It’s a huge loss. It’s left a lot of really creative people wondering what to do. For performers, there’s a hole that ‘performance’ used to fill in our lives. Everyone is experiencing a certain level of grief and in their own unique way, and performers are certainly experiencing it very directly. It’s hard to say what the future will look like — where things will land. I think there will be many more virtual collaborations — I think remotely recorded music will/already is thriving to some degree. I think people are getting time to think about what they really want to create, and learning new skills in the process: producing/practicing new instruments/learning new mediums. For me, coping has been tough – I’ve just been trying to take care of myself and try to develop good habits. I’m working on music a lot, recording myself sing and play drums which has been a really exciting process.
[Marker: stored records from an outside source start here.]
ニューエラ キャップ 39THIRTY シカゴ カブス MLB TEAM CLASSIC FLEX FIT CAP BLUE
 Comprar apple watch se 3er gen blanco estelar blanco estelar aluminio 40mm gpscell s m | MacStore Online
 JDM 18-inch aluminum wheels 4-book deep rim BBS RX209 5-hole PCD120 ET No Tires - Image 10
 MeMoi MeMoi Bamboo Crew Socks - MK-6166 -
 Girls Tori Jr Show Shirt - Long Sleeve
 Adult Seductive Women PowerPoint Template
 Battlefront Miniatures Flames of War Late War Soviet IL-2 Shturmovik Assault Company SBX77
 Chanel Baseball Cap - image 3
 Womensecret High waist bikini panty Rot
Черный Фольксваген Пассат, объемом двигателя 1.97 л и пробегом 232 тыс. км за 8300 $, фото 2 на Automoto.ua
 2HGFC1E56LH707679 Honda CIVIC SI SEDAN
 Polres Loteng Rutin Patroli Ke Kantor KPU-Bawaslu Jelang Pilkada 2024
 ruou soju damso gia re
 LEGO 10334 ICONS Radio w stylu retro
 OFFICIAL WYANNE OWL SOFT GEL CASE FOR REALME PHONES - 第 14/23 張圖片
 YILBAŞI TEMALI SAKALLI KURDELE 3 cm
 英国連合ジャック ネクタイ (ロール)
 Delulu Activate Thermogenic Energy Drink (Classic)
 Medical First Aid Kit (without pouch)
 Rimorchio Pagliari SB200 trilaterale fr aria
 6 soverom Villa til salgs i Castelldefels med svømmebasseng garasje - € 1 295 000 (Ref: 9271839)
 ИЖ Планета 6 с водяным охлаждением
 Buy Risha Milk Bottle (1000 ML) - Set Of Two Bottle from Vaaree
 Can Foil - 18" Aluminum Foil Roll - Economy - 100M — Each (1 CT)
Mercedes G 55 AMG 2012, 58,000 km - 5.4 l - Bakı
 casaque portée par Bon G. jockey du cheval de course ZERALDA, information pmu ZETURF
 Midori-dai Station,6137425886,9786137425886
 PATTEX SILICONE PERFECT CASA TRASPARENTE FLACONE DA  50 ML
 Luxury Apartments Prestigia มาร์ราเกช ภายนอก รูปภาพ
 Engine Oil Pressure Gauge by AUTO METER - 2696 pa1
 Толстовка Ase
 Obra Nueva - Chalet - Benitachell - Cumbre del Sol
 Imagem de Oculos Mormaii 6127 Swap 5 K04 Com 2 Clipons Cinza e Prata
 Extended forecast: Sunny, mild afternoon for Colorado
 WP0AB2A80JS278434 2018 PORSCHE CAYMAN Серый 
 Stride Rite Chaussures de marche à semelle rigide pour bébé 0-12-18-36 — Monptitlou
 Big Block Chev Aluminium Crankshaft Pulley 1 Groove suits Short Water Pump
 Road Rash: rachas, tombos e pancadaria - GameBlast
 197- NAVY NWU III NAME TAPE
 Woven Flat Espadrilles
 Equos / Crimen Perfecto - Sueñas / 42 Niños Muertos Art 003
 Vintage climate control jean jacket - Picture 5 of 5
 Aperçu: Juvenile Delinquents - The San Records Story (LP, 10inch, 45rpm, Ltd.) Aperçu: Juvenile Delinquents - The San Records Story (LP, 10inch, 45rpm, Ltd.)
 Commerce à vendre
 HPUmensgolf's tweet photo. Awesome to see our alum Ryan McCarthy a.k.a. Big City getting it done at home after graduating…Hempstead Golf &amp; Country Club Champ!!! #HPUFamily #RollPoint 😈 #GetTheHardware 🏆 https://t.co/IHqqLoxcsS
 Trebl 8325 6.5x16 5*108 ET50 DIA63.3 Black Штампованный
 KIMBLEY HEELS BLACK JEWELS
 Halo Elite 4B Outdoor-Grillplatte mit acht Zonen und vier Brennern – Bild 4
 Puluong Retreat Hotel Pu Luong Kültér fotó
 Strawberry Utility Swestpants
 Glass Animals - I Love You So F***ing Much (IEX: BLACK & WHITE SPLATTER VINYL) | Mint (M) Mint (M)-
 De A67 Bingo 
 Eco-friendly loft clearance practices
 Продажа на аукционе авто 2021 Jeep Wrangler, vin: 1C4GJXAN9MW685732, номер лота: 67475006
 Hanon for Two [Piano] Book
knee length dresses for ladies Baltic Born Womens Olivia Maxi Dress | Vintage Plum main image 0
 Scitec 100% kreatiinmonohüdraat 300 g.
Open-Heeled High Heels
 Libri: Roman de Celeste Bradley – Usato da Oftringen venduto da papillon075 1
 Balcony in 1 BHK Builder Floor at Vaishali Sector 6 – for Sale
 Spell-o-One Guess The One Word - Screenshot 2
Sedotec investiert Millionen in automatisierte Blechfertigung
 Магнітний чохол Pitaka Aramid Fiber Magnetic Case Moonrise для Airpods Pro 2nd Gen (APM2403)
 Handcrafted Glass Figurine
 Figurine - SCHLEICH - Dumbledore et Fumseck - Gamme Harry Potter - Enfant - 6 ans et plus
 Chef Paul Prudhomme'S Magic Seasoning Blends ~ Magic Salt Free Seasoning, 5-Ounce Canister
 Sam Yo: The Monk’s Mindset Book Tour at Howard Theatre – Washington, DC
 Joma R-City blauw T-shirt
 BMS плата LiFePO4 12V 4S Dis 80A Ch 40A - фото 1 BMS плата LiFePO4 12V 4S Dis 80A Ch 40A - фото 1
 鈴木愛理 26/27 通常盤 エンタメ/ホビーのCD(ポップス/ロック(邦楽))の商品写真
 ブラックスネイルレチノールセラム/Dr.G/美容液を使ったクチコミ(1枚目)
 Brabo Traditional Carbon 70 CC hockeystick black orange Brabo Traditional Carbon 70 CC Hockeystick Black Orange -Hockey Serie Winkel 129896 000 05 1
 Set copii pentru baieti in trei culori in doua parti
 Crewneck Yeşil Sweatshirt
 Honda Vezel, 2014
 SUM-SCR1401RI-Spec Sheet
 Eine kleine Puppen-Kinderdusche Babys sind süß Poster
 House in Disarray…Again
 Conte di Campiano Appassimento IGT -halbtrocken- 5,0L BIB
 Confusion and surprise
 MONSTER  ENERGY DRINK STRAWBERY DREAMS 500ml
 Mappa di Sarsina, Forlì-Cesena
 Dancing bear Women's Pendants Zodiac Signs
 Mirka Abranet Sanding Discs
Have you stayed creative during quarantine?

Yes! I’ve been recording music, playing drums, writing songs, learning Ableton — also watercoloring. I feel like I’ve been ‘discovering myself’ (not in a dramatic way) to be more of a songwriter and producer than I previously had, which has been a blast. I’m hoping to release an album in the not too distant future.

If you could make a wish and have it come true, what would it be?

Wow. Good question. I wish the world and its people could be peaceful and free from unnecessary suffering. I feel like suffering is a part of life no matter what, but there is so much suffering we inflict on ourselves and others. I wish humans could be free of that. It’s a big wish, but I feel like that’s what a lot of the pain in the world emerges from.

Last but not least, what do you believe in, if anything?

I believe in the power of humor, face to face human connection, love, and nature…

Isaiah Hazzard is a drummer, producer, and educator from Vashon Island, Washington. Currently based in Brooklyn after graduation
from NYU, Isaiah plays professionally in numerous projects, including Good Morning Club, Stello, Stolen Jars, and Moziah. Through
performance and collaboration, Isaiah strives to inspire and empower others to follow their unique creative paths. Outside of music and
education, Isaiah loves to write stories, do improv comedy, read, go hiking, and play sports with friends.